Description of the task - Output all records exactly, with no images.
◆ ◆ ◆ ◆ ◆ ◆ ◆
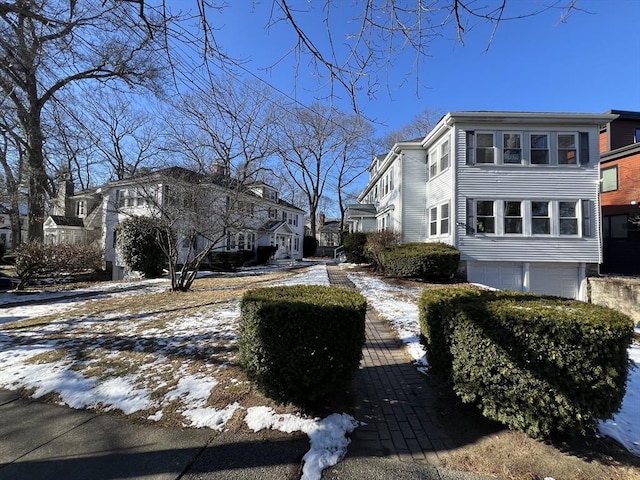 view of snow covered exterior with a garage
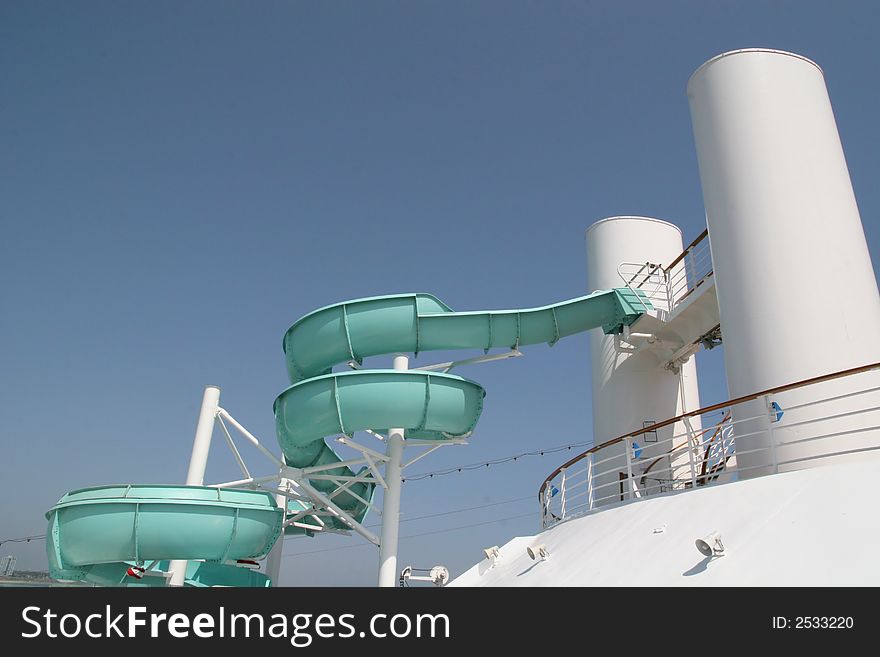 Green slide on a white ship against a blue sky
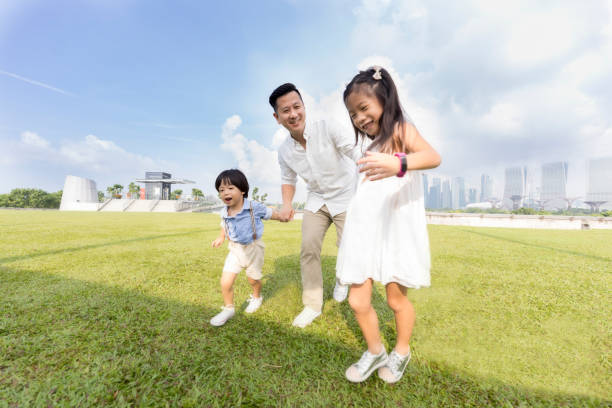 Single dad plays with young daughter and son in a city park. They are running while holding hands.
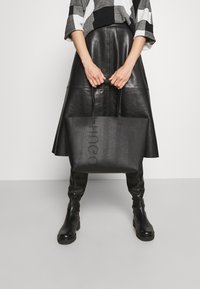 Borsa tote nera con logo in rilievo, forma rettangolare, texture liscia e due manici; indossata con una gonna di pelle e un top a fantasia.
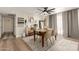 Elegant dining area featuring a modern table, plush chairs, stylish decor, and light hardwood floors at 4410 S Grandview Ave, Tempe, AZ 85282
◆ ◆ ◆ ◆ ◆ ◆ ◆
Answer below -
 view of snow covered exterior with a garage
 Green slide on a white ship against a blue sky
 Single dad plays with young daughter and son in a city park. They are running while holding hands.
 Borsa tote nera con logo in rilievo, forma rettangolare, texture liscia e due manici; indossata con una gonna di pelle e un top a fantasia.
 Elegant dining area featuring a modern table, plush chairs, stylish decor, and light hardwood floors at 4410 S Grandview Ave, Tempe, AZ 85282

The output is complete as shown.